Tyndale entered into the family business in partnership with his brother-in-law. Tyndale made several trips to personally inspect European factories. He became an expert in pottery and porcelain manufacturing and maintained an extensive personal collection.

In 1856, Tyndale became involved in politics as a member of the Free Soil Party and then as a member of the first Republican committee in Philadelphia. Although he did not support John Brown's raid on Harper's Ferry, he agreed to escort the widow of John Brown to pay a last visit to her husband and recover his body after execution. It was believed Mrs. Brown's life was in danger because of her husband's recent actions. Southern newspapers reported that Brown's body had been replaced in his coffin by an African-American corpse as an insult. Tyndale refused to accept the body until the coffin was opened and the body identified as Brown's before accepting it on Mrs. Brown's behalf.

===Civil War===
Tyndale was travelling on business in Europe when the Civil War began. He returned to the U.S. and volunteered for the Union Army. He was appointed major in the 28th Pennsylvania Volunteer Infantry on June 28, 1861, under John W. Geary. His regiment was sent to garrison duty at Harpers Ferry. He served under Nathaniel P. Banks in the Shenandoah Valley and John Pope at Chantilly, Virginia. On April 25, 1862, he was promoted to lieutenant colonel and fought at the Second Battle of Bull Run. On September 17, 1862, as lieutenant colonel, Tyndale was the senior officer in his brigade and assumed command of the 1st Brigade, 2nd Division, XII Corps during the Battle of Antietam. Tyndale led his brigade as part of George S. Greene's attack against the Dunker Church. He was grazed by a bullet in his hip and had three horses shot out from under him. He was wounded a second time in the head and assumed dead. His body was taken from the field and he regained consciousness in a field hospital. He returned home to recuperate and was promoted to brigadier general of Volunteers on November 29, 1862, for his actions at Antietam.

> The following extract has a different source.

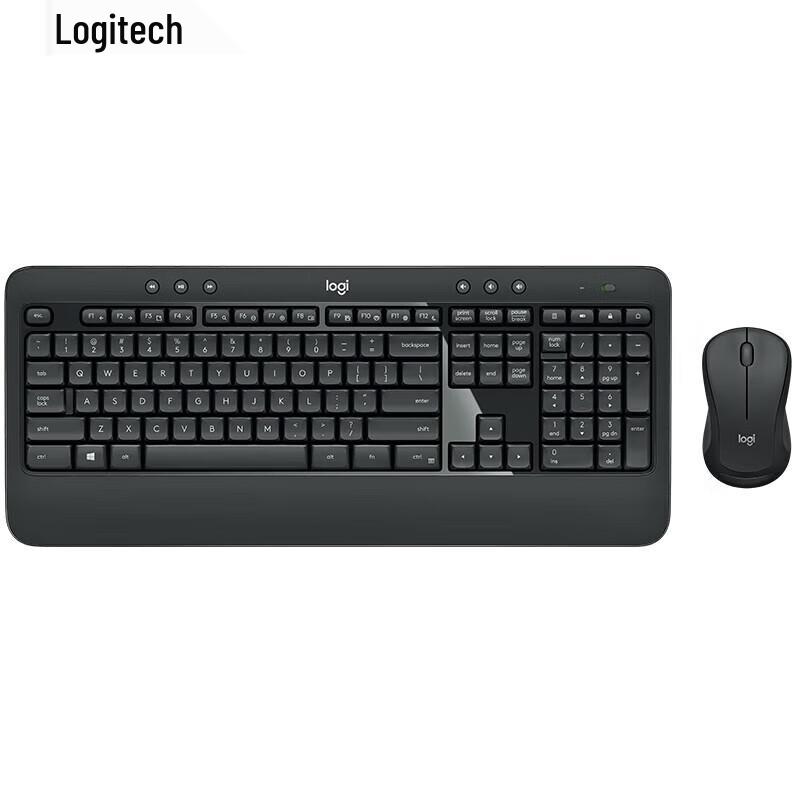 

Logitech MK540 Wireless Keyboard and Mouse Combo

In June 1863, he returned to active duty and was assigned to lead a brigade under General Erasmus D. Keyes. He led a brigade under Carl Schurz and took part in the pursuit of Robert E. Lee's retreat from Gettysburg. Later that Fall, Joseph Hooker was assigned to lead reinforcements to the Union Army at Chattanooga. Hooker took with him the XI and XII Corps to which Tyndale's brigade was part of. Tyndale led his brigade at the Battle of Wauhatchie, leading a bayonet charge and turning the enemy's flank. He also took part, albeit in a minor role, in the Battle of Missionary Ridge. On August 26, 1864, Tyndale resigned from the army due to the lingering effects of his head wound. He was brevetted to major general on March 13, 1865, for gallantry and meritorious service during the war.

Command History
- 1st Brigade, 2nd Division, XII Corps (17 Sept 1862)
- 1st Brigade, 3rd Division, XI Corps (13 July – 19 Sept 1863)
- 1st Brigade, 3rd Division, XI Corps (12 Oct 1863 – 15 Feb 1865)
- 3rd Division, XI Corps (15 Feb – 16 Apr 1864)
- 3rd Brigade, 1st Division, XX Corps (16 Apr – 3 May 1864)

===Post war===
After the war, Tyndale returned to his business in Philadelphia. He unsuccessfully ran for mayor in 1868. A relative, Professor John Tyndall of England, lectured in the U.S. and devoted the proceeds to fund the promotion of science education and named Tyndale as one of the trustees. Eventually the fund became a scholarship at the University of Pennsylvania and was known as the Hector Tyndale scholarship for physics. In 1869, he was elected as a member to the American Philosophical Society. In 1873, he was elected to the office of Sheriff in Philadelphia.

In 1876 Tyndale's prominence in the porcelain business caused his selection as one of the judges for the Centennial Exhibition.

He was close friends with Walt Whitman and was consulted by Whitman on how to improve the third edition of Leaves of Grass.

Tyndale died on March 19, 1880, and was interred at Laurel Hill Cemetery.

==Personal life==
He was married to Julia Nowlen in 1842 and together they had a daughter in 1848. His brother was Sharon Tyndale who served as Illinois Secretary of State.